Figure 8a shows that higher temperature concentrations occur in those areas of adhesion with more significant curvature than the flat regions. Figure 8b reveals the higher stress concentrations in those areas of adhesion with more significant curvature than the flat regions. Figure 8c indicates the significant displacement variations in areas of adhesion curvature. Finally, Figure 8d demonstrates the significant strain in areas of adhesion curvature.
After the combined loading of temperature and stress, the adhesion area undergoes significant concentrations of temperature, stress, displacement, and strain in regions with curved surfaces. These conditions can decrease the adhesive bond quality between the adhesion polyurethane skin and the 3-D mesh fabric [32].

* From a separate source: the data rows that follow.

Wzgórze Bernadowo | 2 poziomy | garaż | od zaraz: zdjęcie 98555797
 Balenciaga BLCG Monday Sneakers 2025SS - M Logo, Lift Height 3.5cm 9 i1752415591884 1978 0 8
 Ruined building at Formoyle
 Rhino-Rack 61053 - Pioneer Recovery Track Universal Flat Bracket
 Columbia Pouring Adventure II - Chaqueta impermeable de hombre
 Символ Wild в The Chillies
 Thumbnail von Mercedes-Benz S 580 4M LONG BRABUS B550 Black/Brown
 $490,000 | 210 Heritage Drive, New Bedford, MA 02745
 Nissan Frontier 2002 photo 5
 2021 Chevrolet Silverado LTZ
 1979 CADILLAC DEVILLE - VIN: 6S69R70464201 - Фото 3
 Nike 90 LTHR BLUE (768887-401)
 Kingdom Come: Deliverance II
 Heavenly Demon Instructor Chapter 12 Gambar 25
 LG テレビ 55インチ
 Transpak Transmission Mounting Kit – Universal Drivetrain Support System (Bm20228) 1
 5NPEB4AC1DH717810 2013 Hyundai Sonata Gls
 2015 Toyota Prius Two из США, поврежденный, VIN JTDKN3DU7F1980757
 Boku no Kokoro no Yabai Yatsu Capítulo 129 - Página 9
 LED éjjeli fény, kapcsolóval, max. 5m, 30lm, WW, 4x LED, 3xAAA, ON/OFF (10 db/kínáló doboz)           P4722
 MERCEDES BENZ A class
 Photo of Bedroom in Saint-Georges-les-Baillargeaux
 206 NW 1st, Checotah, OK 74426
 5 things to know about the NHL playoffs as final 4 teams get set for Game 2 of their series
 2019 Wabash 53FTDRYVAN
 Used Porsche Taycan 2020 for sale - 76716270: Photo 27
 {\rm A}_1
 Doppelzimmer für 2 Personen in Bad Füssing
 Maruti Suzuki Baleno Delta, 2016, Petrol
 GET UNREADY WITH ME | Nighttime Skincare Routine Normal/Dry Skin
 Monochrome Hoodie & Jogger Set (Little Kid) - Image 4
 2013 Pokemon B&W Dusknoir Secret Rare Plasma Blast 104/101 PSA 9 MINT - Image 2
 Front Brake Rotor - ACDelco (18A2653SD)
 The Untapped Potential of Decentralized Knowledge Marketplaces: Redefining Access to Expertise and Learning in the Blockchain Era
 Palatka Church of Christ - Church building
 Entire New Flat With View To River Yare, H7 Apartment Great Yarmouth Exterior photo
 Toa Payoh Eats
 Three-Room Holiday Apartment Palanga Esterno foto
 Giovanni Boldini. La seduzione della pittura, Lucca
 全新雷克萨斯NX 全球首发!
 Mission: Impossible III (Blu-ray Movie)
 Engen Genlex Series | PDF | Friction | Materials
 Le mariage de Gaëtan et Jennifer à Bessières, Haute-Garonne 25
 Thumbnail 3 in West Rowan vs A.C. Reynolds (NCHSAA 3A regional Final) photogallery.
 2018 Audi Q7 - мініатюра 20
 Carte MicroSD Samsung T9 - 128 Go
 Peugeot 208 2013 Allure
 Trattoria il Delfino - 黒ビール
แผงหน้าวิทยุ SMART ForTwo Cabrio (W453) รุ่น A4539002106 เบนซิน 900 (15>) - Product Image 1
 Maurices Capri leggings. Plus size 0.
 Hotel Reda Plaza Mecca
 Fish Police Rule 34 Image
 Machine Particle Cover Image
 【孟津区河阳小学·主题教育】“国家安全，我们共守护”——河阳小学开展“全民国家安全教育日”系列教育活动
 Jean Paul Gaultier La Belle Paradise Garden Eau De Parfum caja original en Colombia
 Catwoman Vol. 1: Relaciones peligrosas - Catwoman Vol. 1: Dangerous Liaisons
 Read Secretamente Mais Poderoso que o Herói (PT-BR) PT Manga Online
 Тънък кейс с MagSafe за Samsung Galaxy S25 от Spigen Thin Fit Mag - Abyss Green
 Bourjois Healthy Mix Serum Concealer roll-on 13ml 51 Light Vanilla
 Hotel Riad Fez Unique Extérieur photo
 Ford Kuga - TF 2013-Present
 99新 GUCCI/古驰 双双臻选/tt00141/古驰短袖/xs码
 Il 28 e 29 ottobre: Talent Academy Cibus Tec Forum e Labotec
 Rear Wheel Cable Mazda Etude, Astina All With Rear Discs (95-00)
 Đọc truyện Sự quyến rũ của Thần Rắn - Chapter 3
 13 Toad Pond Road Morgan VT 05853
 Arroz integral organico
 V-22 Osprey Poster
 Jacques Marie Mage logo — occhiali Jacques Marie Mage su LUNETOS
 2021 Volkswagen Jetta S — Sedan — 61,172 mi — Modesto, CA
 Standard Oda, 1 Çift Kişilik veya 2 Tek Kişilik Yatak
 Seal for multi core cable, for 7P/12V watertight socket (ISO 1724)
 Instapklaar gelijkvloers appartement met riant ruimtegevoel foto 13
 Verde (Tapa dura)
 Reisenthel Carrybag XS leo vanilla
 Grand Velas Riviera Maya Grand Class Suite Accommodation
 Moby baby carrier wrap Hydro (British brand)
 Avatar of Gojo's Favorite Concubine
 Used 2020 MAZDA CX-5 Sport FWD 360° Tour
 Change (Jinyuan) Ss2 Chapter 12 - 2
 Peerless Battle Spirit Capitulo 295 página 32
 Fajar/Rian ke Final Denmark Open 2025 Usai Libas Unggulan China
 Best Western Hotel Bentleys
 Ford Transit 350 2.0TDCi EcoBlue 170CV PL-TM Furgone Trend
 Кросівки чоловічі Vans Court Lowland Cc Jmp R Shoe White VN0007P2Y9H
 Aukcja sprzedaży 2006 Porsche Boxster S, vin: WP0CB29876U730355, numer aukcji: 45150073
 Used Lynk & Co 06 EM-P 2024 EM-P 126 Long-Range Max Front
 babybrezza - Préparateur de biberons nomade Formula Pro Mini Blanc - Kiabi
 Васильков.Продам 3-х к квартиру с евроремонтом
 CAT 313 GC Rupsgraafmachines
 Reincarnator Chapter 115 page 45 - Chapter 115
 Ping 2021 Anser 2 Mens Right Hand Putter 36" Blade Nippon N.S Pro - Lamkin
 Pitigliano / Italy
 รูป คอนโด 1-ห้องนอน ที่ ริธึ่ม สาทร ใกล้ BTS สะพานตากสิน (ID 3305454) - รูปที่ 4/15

4.2. Zonal Optimization Simulation

During the wrapping process of the composite laminated panel, the temperature is the main factor affecting the concentrations of stress and strain in the component, especially in the case of non-uniform areas such as curved surfaces, sharp corners, and edges in the material model. Therefore, controlling the temperature in these different areas is crucial. According to the temperature simulation results, stress appears first. It is more concentrated in highly curved areas, and the change in temperature causes a change in the distribution of the stress field. Therefore, it is necessary to appropriately reduce the temperature in the highly curved areas to make the stress field distribution more uniform. Meanwhile, if the temperature difference is too large, it will cause significant internal and residual stresses, making the deformation of the component more severe.
A partitioned simulation approach is deemed advantageous in response to the observed challenges in the adhesive layer within regions of significant curvature. During the partitioned simulation of the model, different boundary conditions were applied to various regions. The applied boundary conditions involved changing the temperature boundary conditions while keeping the rest of the model’s boundary conditions constant. The purpose of applying these boundary conditions is to introduce different temperatures to each segmented area of the polyurethane surface, thereby achieving the application of varying temperatures during the processing of the interior components. Consequently, the model is subdivided into five distinct regions: A, B, C, D, and E. Recognizing the corresponding nature of D and E, as well as of A and B, the model can be effectively grouped into three regions, as illustrated in Figure 1d. Through comprehensive simulations involving the application of temperature, it was determined that the temperature in region C reaches 75 °C, and in regions D and E, it is also 75 °C. Meanwhile, in regions A and B, the temperature is maintained at 70 °C. Temperature loading and pressure are applied based on the amplitudes depicted in Figure 6a, with the pressure on the model remaining constant. Subsequent simulations revealed improvements when compared to the direct application of temperature and pressure to the entire model. A detailed comparison between the partitioned and direct simulation results is presented in Figure 9.
By comparing the simulation results before and after partitioning, we found that after partition heating, the temperature in the highly curved areas decreased but still reached the activation temperature of the adhesive layer. At the same time, the highest temperatures at the two curved surfaces on the left and right sides decreased by 5.61% and 6.13%, respectively. The maximum displacements at the two curved surfaces on the left and right sides decreased by 5.60% and 3.5%, respectively. The stress concentration at the two curved surfaces on the left and right sides decreased by 4.27% and 2.95%, respectively. The maximum strains at the two curved surfaces on the left and right sides decreased by 3.98% and 2.53%, respectively.
By comparing the results of the direct simulation and partitioned simulation, it was observed that partitioning the model surface can reduce the temperature, stress, displacement, and strain in the bonding layer at the curved surfaces to some extent, although the effect is insignificant.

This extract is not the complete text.